According to Gaharwal, the standard operating procedure to fix a pothole involves cutting out the area around the pothole in a rectangle, removing loose gravel and cleaning it. The portion has to be dried and then refilled with the mix.
“Potholes can’t be wet during repairs. Even a small quantity of water is enough to unsettle the mix,” Gaharwal said. “Also, cutting out the area is important to fix that part of the road.”
Under pressure with heavy vehicular traffic, BMC officials hardly follow the entire procedure. “Some potholes are repaired as they are, without cutting out the edges, as the method is quicker. As potholes surface during the monsoon, there is hardly a long spell of no rain to let the crater dry.”

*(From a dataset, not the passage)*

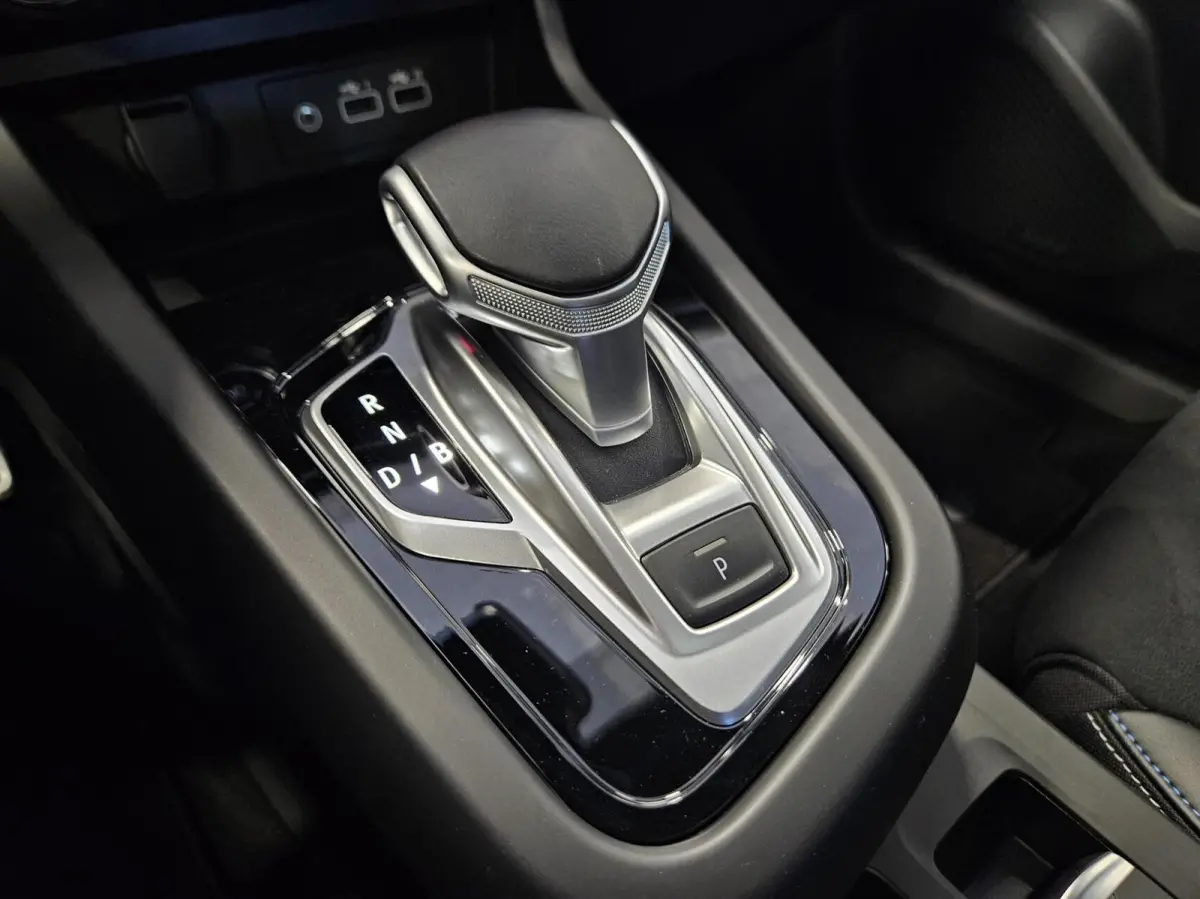 1.6 E-Tech full hybrid 145 esprit Alpine | Schuifdak | Bose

EXPLANATION AND EXPERT SPEAK
While your ride remains bumpy, BMC believes the cold mix is working well. Municipal commissioner Ajoy Mehta said, “BMC has recorded fewer potholes this year in comparison to the previous years. Our response time is shorter. The new cold mix is showing good results. We have seen it work on wet patches too.”
Explaining why they can’t wait for a pothole to dry, CP Joshi, secretary (roads), PWD, said, “The prescribed scientific method for filling potholes is essentially for work after the monsoon. During the rains, we can’t use anything other than the cold mix. That too is mostly a temporary measure for three-four months. While repairing potholes during the monsoon, we sometimes adopt a quick method to fill the pothole for convenience of motorists.”

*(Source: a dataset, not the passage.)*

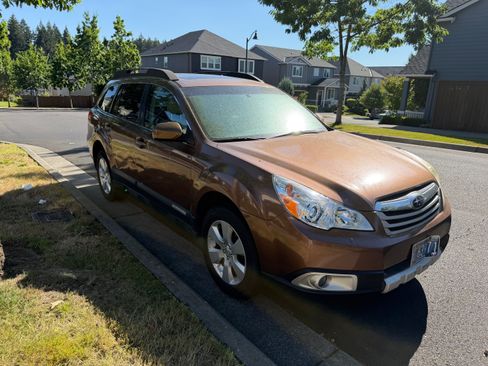 Used 2011 Subaru Outback 2.5i Limited w/ PWR Moonroof Pkg AWD/4WD image 1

Proper categorisation and study of potholes could help. Ashok Datar, a transport expert, said, “Mumbai is more vulnerable to potholes because of intensive rainfall and heavy traffic. The civic body needs to have a measurement mechanism to map, compare, analyse and measure potholes. This is presently not done. For instance, a 500m stretch having eight-nine potholes is a serious concern. It should be studied and such potholes should be categorised, similar to the study of waterlogging spots in the city.”

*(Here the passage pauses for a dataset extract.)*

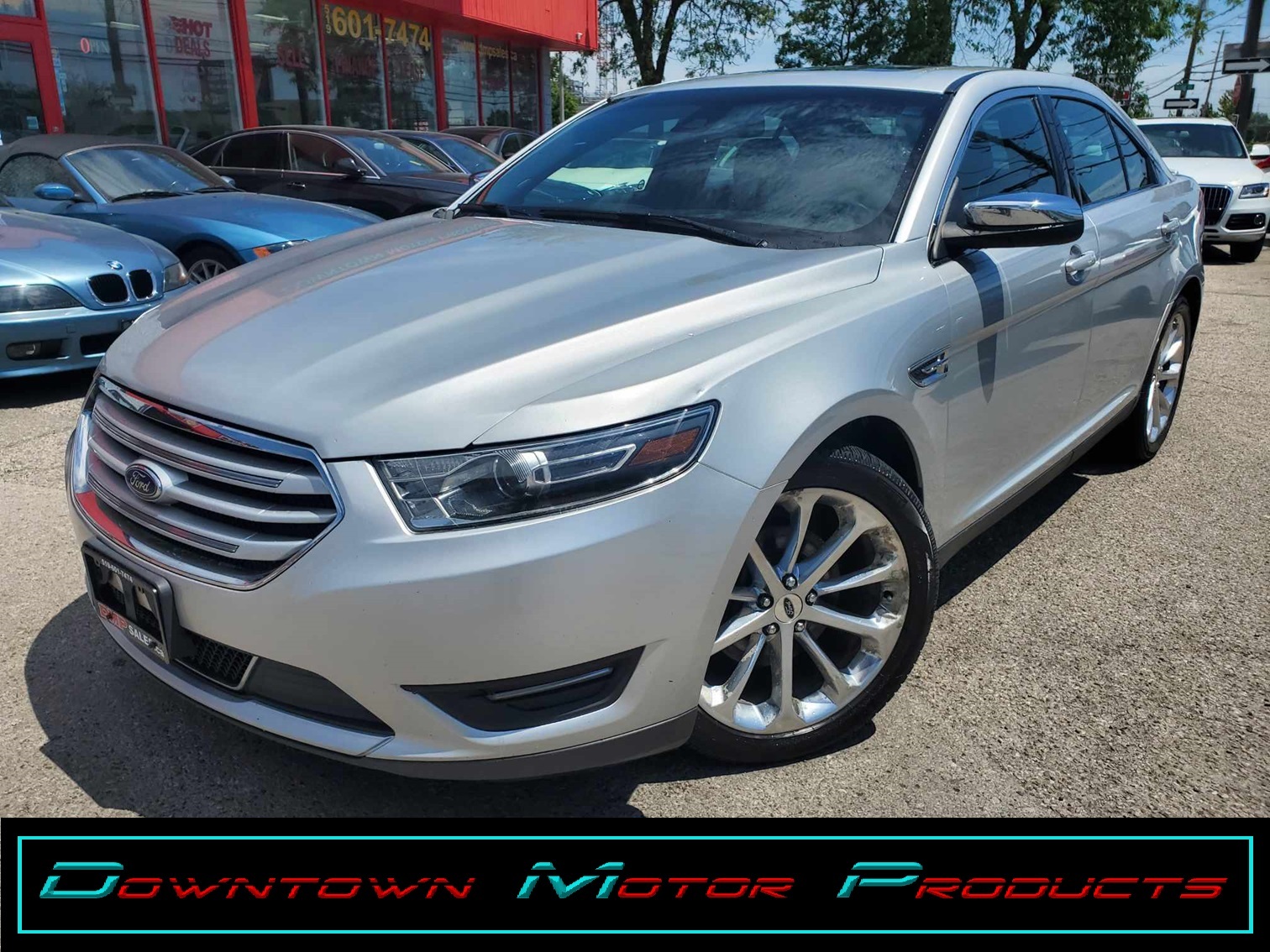 2017 Ford Taurus Limited AWD *Nav / Sunroof / Leather / RCAM* WOW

DRYING POTHOLE: According to experts, irrespective of the type of mix being used, the area around the pothole can’t be wet. Water prevents the repair mix from drying, ensuring potholes resurface
SHAPE: It is important to create a rectangular cavity around a pothole, clean it and fill it with the repair mix. In some cases, BMC does not do this and fills the pothole directly to save time. This causes potholes to reappear
HURRY: Ideally, the repaired area should be opened for traffic only after one hour, but this is not followed strictlyHOT MIX VERSUS COLD MIX
2010-11: The civic body starts to use hot mix – hot asphalt and hot-sprayed bitumen with stone chips –to fill potholes. It faces criticism as potholes continued to appear
2012: BMC decides to try cold mix – a bitumen-based formula – as it can be used even when it rains, if the pothole is wet, and dries faster. BMC allots Rs50 crore for the project
2014-2018: BMC uses hot mix, which needs dry spell
2018: BMC reintroduces cold mix technology, which is procured at a cheaper rate, claiming the mix imported from Austria and Israel gave good results in June 2017. To bring down the cost further, BMC decides to buy the ingredients from a German firm, and uses its own raw material to manufacture the mix at its Worli plant. The patented mix is said to have strong chemicals to prevent it from disintegrating.